И твердый, как кость персика, ком встал у меня в горле: из дому, считай, изгнан, а и здесь, в Обители, стыну пёсьей блевотиной. Кому я нужен? К кому теперь идти?
- Врёшь, - сказал геронда и снова кивнул.
- Вру, - признал и уронил голову, больше не в силах согласно кивать ее тяжестью.
- Вот в этом и кайся сначала, - приступил к делу геронда Феодор, и, когда я покаялся в том, что врать люблю и умею, то продолжил опустошать тяжесть покоренной мной горы, коей я невольно гордился: – Теперь кайся в том, в чем ты уже не станешь завидовать ближнему своему.
Геронда жег мне взором самый хребет, не опаляя шкуры. А ведь то верно! Пока я шел сюда, видел иных юных и спелых прелестниц Города и всякий раз невольно сравнивал эту и ту хотя бы с грациями покинутого блудного вертепа. И проходил мимо, ничуть не обдираясь о колючие ветви зависти к их гордым и терпеливым кобелям. Ни одна из них не могла сравниться ни с одной из граций, а уж какие, по всему видать, неумехи!
- Беда, геронда! – повинился я.
- Хорош уж тем, что с этого слова начал, - кивнул геронда в третий раз.
Если бы такие слова изрёк отец, то улыбнулся бы он, как и умел только он, выщелачивая и самые стены кругом.

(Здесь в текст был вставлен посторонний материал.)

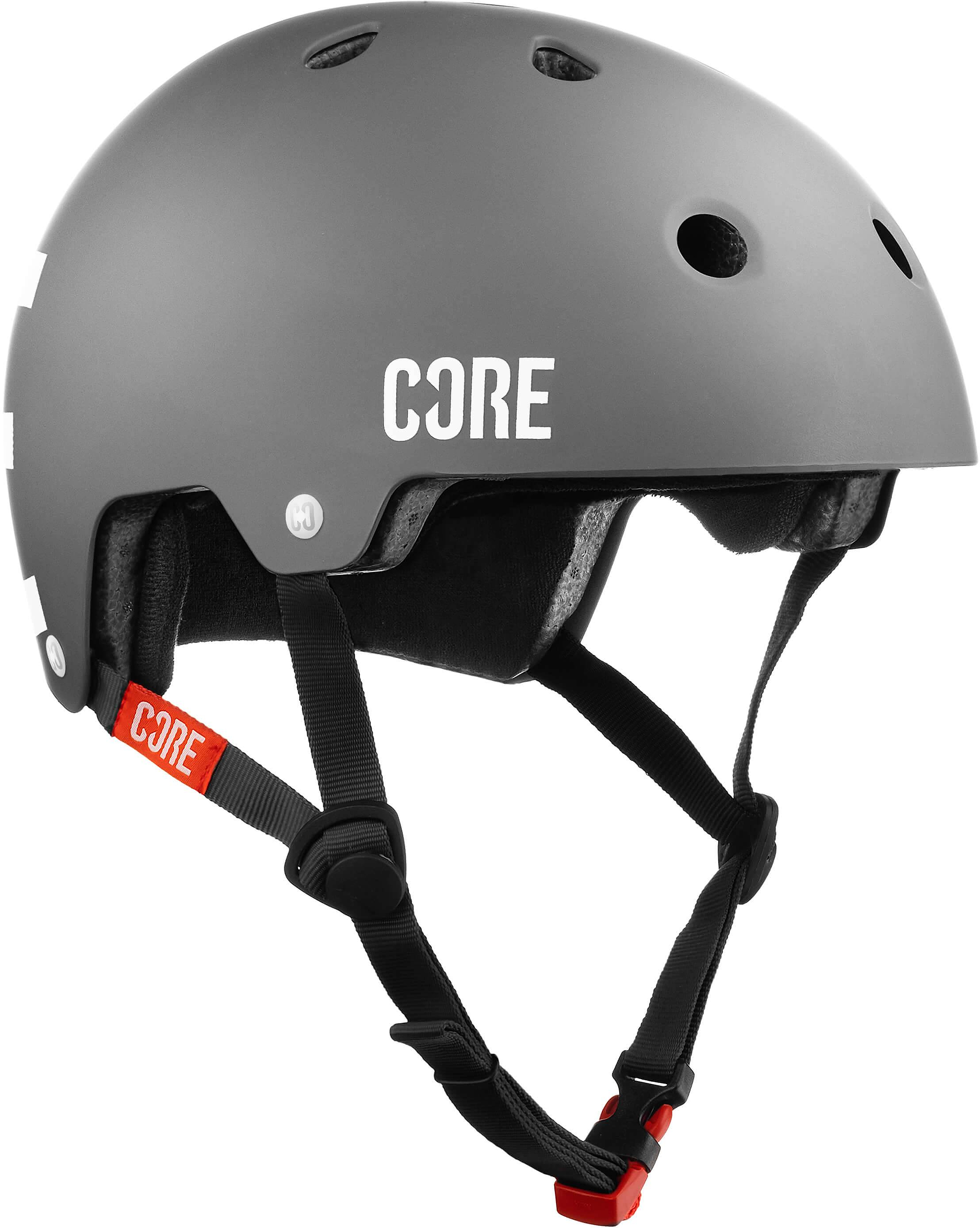 Introducing the CORE Street Skate / Scooter Helmet - Grey by CORE, featuring ventilation holes, black adjustable straps, a red buckle, and soft interior padding. This helmet is designed for optimal fit and superior head protection during sports or outdoor activities.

Где была улыбка геронды? В такой неудобозримой вышине его взора, что я оробел еще сильнее, зажмурился и сказал:
- Геронда, каюсь, но всё никак не нахожу сил жалеть. Каюсь, но не жалею. Каюсь в том, что нет силы жалеть. О грехе.

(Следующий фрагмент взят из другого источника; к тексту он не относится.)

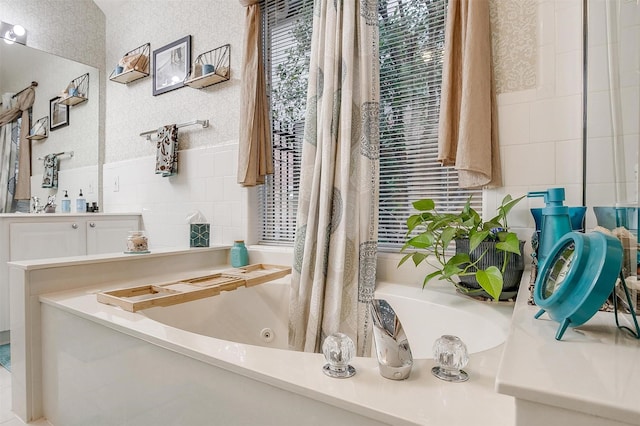 bathroom featuring a washtub and tile walls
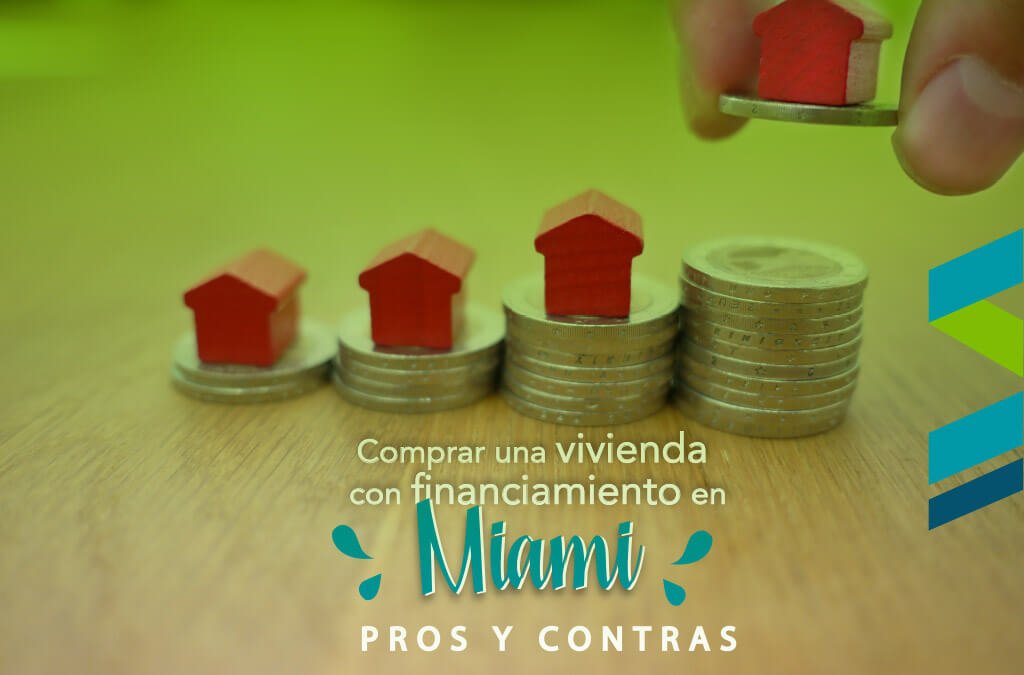 Casas rojas miniatura sobre pilas de monedas representando pros y contras de comprar vivienda con financiamiento en Miami
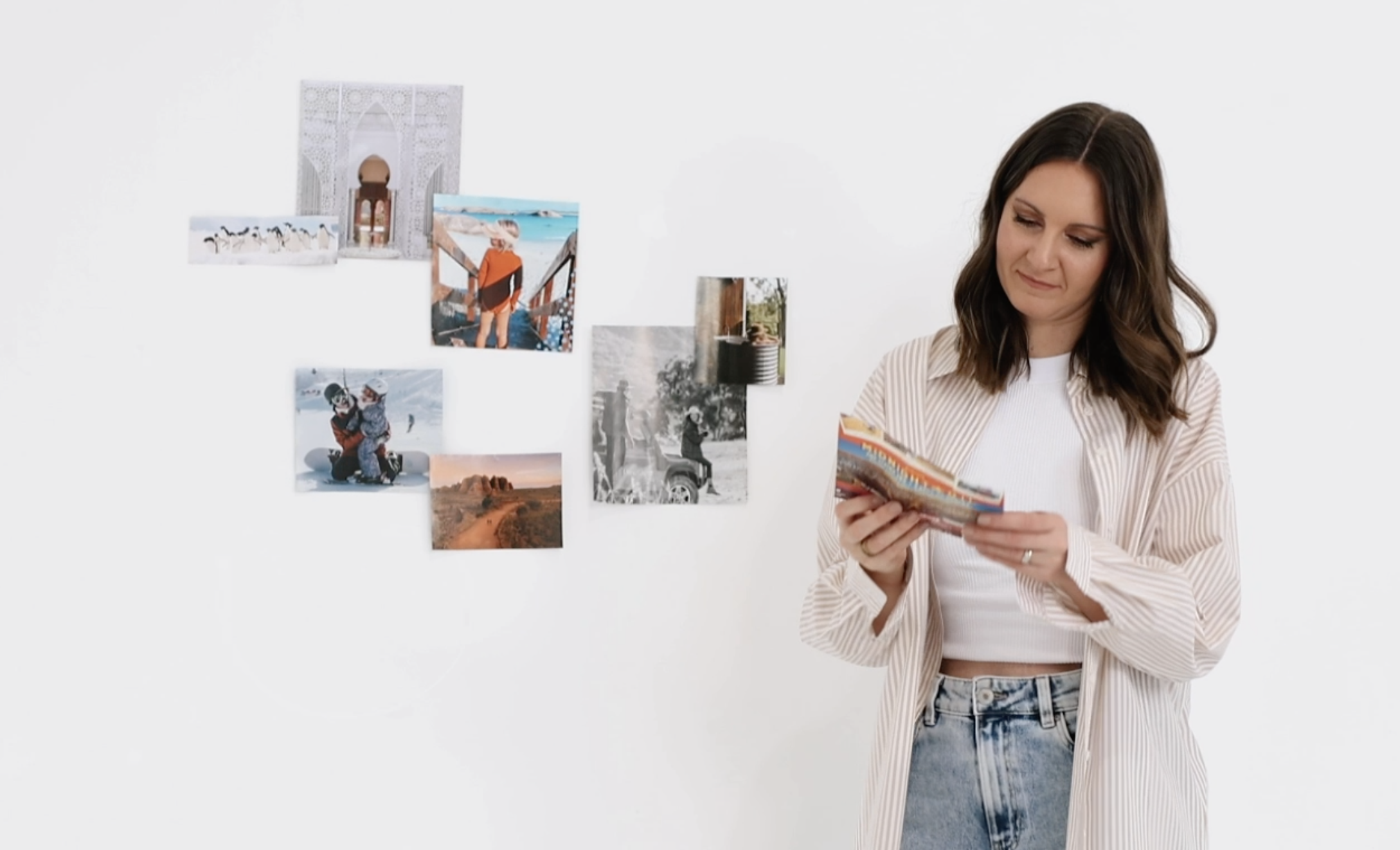 Woman building a travel vision board by sticking up photos of dream destinations, inspiring travel quotes, and activities, highlighting the power of visualization in keeping travel goals at the forefront of saving efforts.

- Покаяние как белая вершина горы, коей можно всю жизнь любоваться хоть из окна своего дома, но никогда не дойти до нее, - удивительно много слов пожертвовал мне, грешному, геронда. – Господь целует намерения. Ты собрался – и то благо, хоть монахом тебе и не быть. Ты не Антоний[7], а бесы к тебе могут наведаться те же. Хоть такой чести радуйся и молись, чтоб они даже издали на тебя не поглядели. Всему свой черед.
И вдруг горы за моей спиной не стало. Геронда Феодор рассыпал ее песчаной поземкой до самого моря. Хоть сейчас повернись и уходи из стен Обители на все четыре стороны. Какие еще искушения стоило искать на тех, столь малочисленных сторонах света? Пуст был исчерпанный до дна Город. Пуст, как старческая мошонка.
- Вот и в этом кайся, - велел геронда.
- В чем? – не уразумел, так и глядя назад.
- Толкай-толкай камень от гробницы души, - гремели во мне, как в пустом колодце, слова геронды. – Знать, что изнутри толкаешь, уже немало. Завали им бесов, что подпирают камень снаружи. Покайся в том, что сегодня нет сил каяться, И молись. А через три дня придешь. Идти обратно недолго – от келлий заднего двора. Радуйся: привычных искушений, по коим скучаешь, но с коими тебе уже самому скучно, на этом пути репьями не подберешь. Беру тебя в послушники, как на вечное поминание.